ROCKPORT – School directors are reconsidering their decision in June to turn over to the state Department of Education names of students disciplined for prohibited behavior.
According to federal law, prohibited behavior includes drug or weapon offenses or serious bodily injuries inflicted by one student on another.
School directors said earlier this week they are afraid the names will go on a list that will brand students forever and have consequences on their applications for college and employment.
The state collects the information so it can track students who move from one district or school to another, according to a state education department spokesman.
Board Chairman John Lewis of Camden asked during Wednesday night’s board meeting whether the district at least could place the names in escrow and not send them to the state, pending any action against the state on the issue.
The Five Town Community School District in June was one of a few districts in the state to object to Maine’s requirement to provide names of individual students involved in such behavior, said Superintendent Patricia Hopkins at the CSD board meeting Wednesday.
“We have to file this information twice a year,” Hopkins said in an interview Thursday. “We have to file in January and in June.”
She said that last June while informing the board and the parents about the requirement, she found that school board directors raised objections to the district’s release of student information.
“They didn’t want us to do it, and they actually voted not to permit us to do it and release that information,” she said of the board.
The superintendent subsequently went back to the CSD board to ask members to reconsider their motion because of the potential of losing federal subsidies for refusing to comply.
The board then allowed the school to release the information and said it would return to the issue later to try to have the requirement changed and not be forced to release student information.
“The federal government is not asking for the information [about individual students],” she said. “So they’re in disagreement with the state for requiring us to submit it that way.”
The U.S. Department of Education is interested in the statistics, while the state Department of Education wants individual names, she said.
“On behalf of the board, I am going to contact the department and find out where they stand, whether they intend to still require us to submit the names, and if so, the board is interested in advocating to have this requirement changed,” she said.
“I have to pursue to see what options exist, and then report back to the board next month,” she said.

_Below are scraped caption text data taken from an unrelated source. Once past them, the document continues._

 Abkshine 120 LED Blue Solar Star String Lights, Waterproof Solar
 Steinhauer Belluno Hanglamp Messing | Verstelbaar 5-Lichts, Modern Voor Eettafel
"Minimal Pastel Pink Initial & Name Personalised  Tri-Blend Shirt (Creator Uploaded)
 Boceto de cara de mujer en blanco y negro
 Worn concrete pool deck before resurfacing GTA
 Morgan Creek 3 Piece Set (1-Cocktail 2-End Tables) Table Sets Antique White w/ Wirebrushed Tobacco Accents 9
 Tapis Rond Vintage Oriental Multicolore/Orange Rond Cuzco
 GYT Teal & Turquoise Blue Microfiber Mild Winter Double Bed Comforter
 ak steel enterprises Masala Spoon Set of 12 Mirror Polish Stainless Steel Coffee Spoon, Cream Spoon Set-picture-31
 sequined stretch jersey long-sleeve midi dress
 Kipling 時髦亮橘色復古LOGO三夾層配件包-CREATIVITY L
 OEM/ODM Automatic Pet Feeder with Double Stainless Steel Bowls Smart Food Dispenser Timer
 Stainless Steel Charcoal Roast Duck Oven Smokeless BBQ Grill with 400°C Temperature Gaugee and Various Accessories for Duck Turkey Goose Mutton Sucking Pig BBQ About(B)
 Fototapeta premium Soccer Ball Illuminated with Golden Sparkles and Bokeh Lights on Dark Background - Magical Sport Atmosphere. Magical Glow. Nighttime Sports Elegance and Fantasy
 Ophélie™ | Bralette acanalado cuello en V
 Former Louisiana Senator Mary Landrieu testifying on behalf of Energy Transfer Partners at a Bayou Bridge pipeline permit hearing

David Connerty-Marin, director of communications for the Maine Department of Education, said the law has not changed since June.
“We need to disaggregate the information into a report that breaks the data down by age, gender and ethnicity and the like,” he said.
Five Town CSD is the only district opposed to sending the data, he said. “The other districts welcome the information, for otherwise they would have to get all the data on their own,” he said.
Federal requirements for the information fill seven pages of instructions and 15 pages of tables, he said.
Connerty-Marin also said the Department of Education does not share the information with anyone, including colleges, law enforcement agencies or prospective employers.
“We’re prohibited by law from releasing this data,” he said.
It would be difficult for individual school systems to track students who move from one district or school to another without the state’s help, Connerty-Marin said.